── MATERIAL FOR THIS EXERCISE

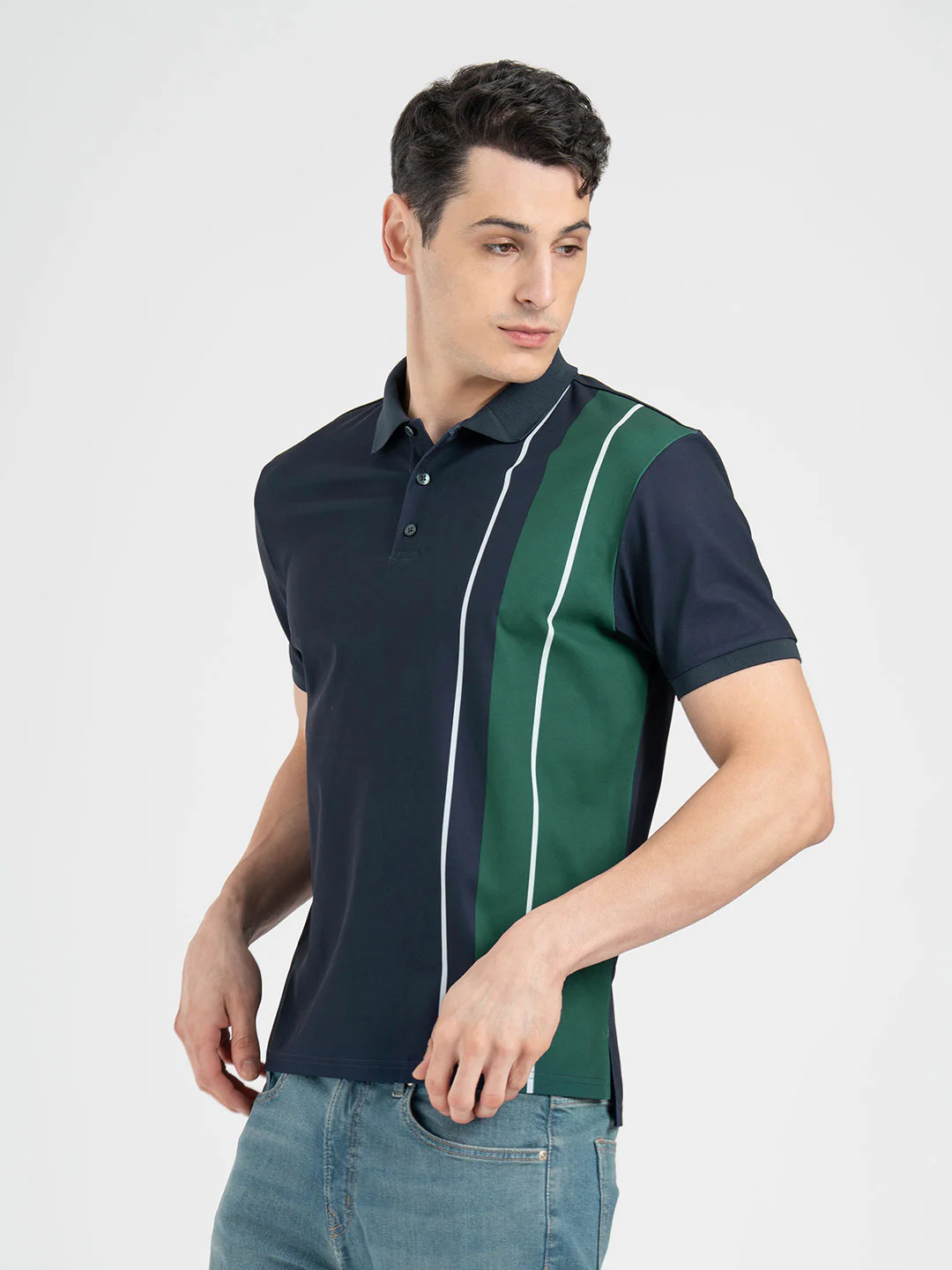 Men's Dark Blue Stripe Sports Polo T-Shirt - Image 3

────
── MATERIAL FOR THIS EXERCISE

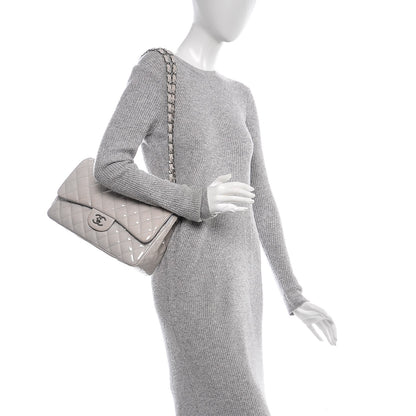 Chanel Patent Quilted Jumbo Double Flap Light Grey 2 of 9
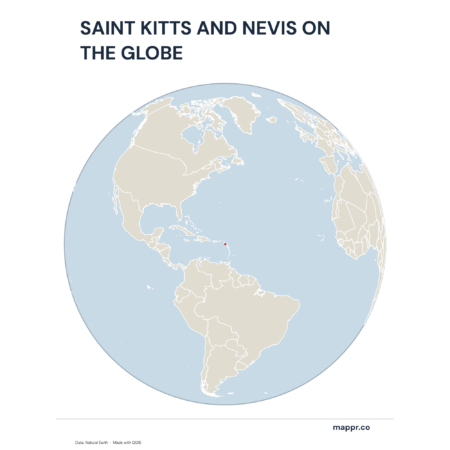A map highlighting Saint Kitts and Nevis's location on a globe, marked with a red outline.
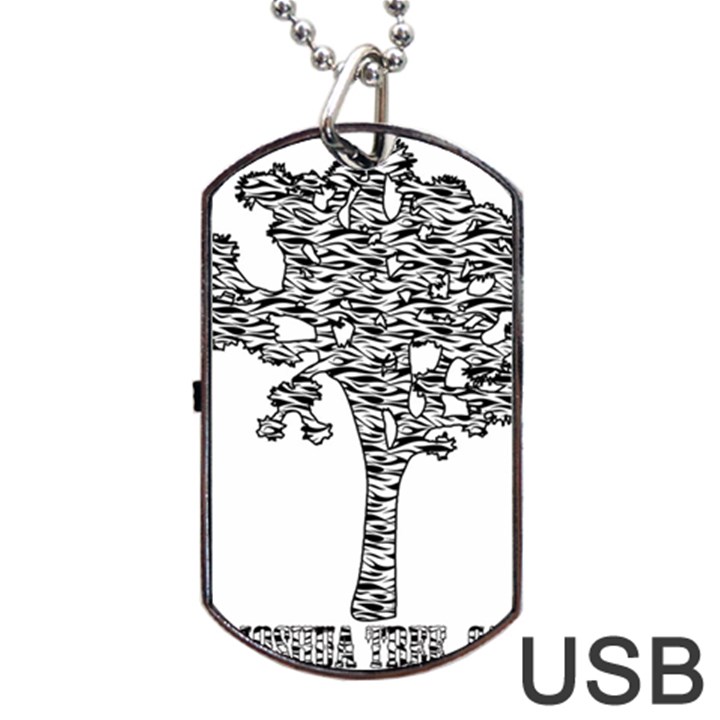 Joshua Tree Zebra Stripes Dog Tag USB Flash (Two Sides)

────

> **DIRECTIONS FOR THIS TASK**
Repeat, word for word, the lines of the material above from the one holding "A map highlighting" through the one holding "Joshua Tree Zebra". Leave out pictures.

> **RESPONSE**
A map highlighting Saint Kitts and Nevis's location on a globe, marked with a red outline.
 Joshua Tree Zebra Stripes Dog Tag USB Flash (Two Sides)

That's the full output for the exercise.